Coïncidence totale ! Le film sur Père Laval est en chantier depuis bientôt deux ans. Tandis que l’idée du livre d’entretiens avec Gérard Sullivan est née il y a quelques mois seulement, pendant le confinement. C’est donc un hasard, on pourrait même dire un divin hasard (…) Je ne suis pas particulièrement proche de la religion que j’essaie de ne jamais confondre avec la foi qui est une question qui m’intrigue. Mais ma passion de la découverte de l’autre n’a absolument aucune barrière. Ce que j’aime, c’est ce qu’arrivent à réaliser les femmes et les hommes au cours de leur vie. Je m’intéresse aux routes empruntées par ceux qui veulent donner un sens à leur vie.
Qu’est-ce qui motive un écrivain et cinéaste à venir parler d’hommes d’église, au point d’en faire un livre et un film ?
Ce n’est pas une motivation, c’est juste un désir, une envie de partager. Le parcours de Gérard Sullivan est atypique. Il a emprunté des chemins risqués, alors que son chemin aurait pu être celui d’un bon bourgeois des villes. Sans risque, sans danger, un boulot pépère, une retraite assurée, une police d’assurance béton, une position sociale respectable, une jolie voiture, un beau mariage, de beaux enfants, le bonheur quoi ! Lui a choisi de vivre sa foi, d’écouter cette voix intérieure qui lui disait que la vie, c’était autre chose. Et il a donc choisi une vie de risques. Car suivre sa voie demande quelques fois du courage. Et c’est de cela que je parle dans le livre que je lui consacre. Même chose pour Jacques Désiré Laval. Il a tout quitté pour un appel intérieur. Il se lance dans le vide. Il ne prend pas de précaution. C’est un mot terrible ça : précaution. Quand j’entends ce mot, j’ai des palpitations. Les Français ont même inventé le principe de précaution. C’est celui selon lequel nous n’aurions même pas du naître. Car naître et vivre, c’est déjà très dangereux.

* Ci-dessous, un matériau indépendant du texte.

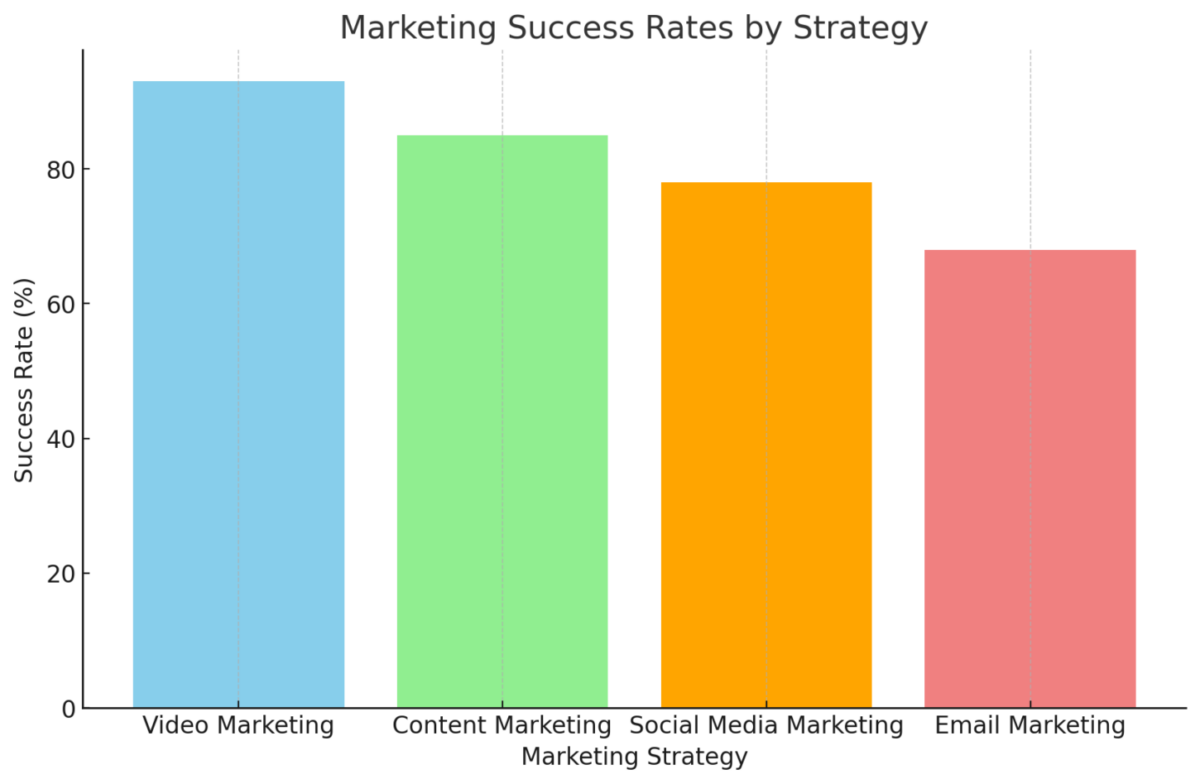 Video marketing success rate is higher than any other marketing strategy. That's why LinkedIn's new short-form video beta feature is a new opportunity.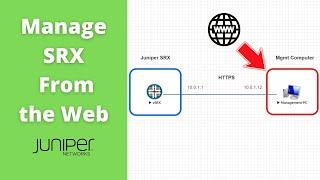 Manage your Juniper SRX from the Browser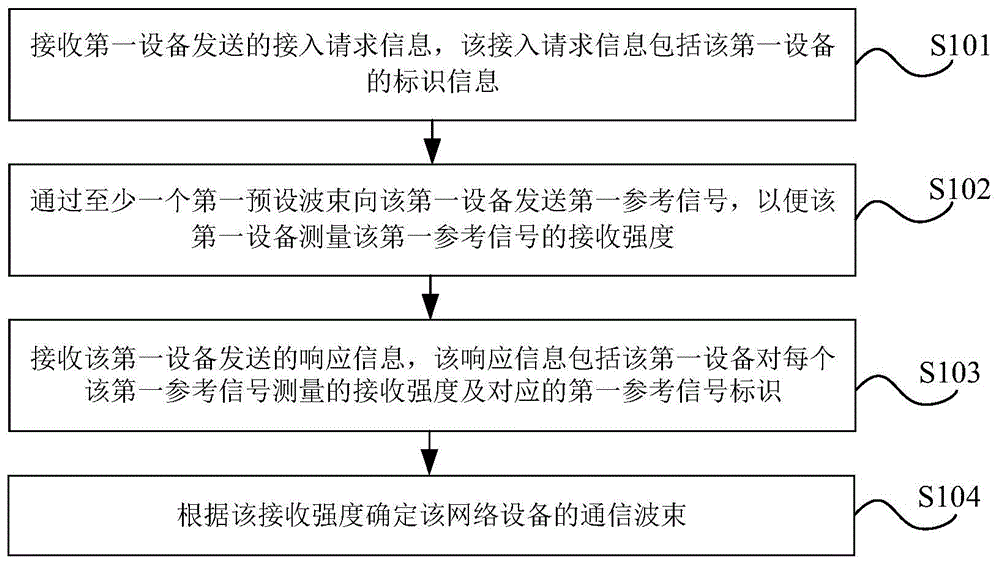 确定通信资源的方法、装置、存储介质及电子设备与流程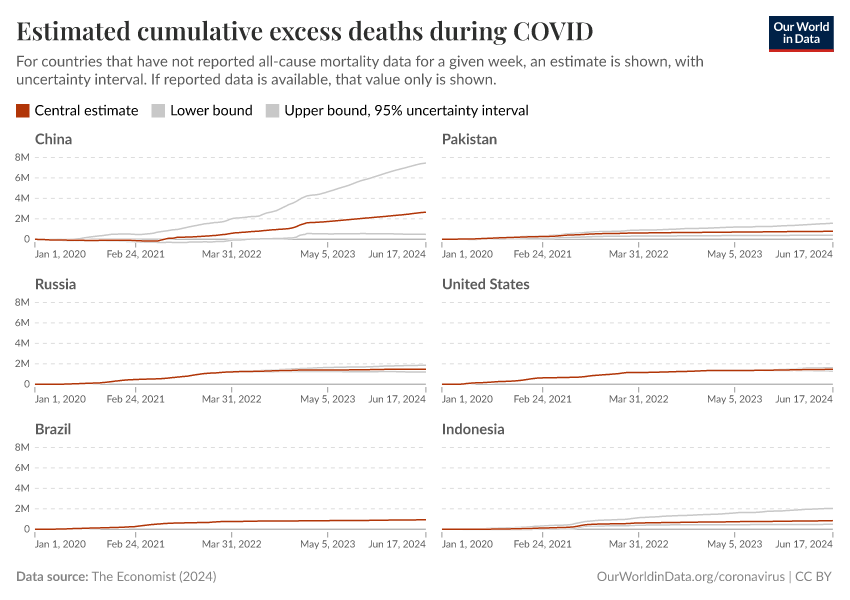 Estimated cumulative excess deaths during COVID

Vous avez vous-même évoqué, dans un entretien, les difficultés et le peu d’intérêt qu’a suscité ce film auprès des soutiens financiers…
Oui mais je ne souhaite pas en parler encore. Je l’ai évoqué parce que cela m’avait vraiment surpris et, pourquoi ne pas le dire, un peu choqué. L’apôtre des noirs ne suscite pas de grand engouement. Mais comme on dit : Maurice c’est Maurice, il faut faire avec. Je fais avec. Je suis heureux qu’il y ait eu des entreprises qui ont soutenu ce projet et je leur en suis vraiment reconnaissant.
Sous quel angle avez-vous abordé le film sur Jacques Désiré Laval ?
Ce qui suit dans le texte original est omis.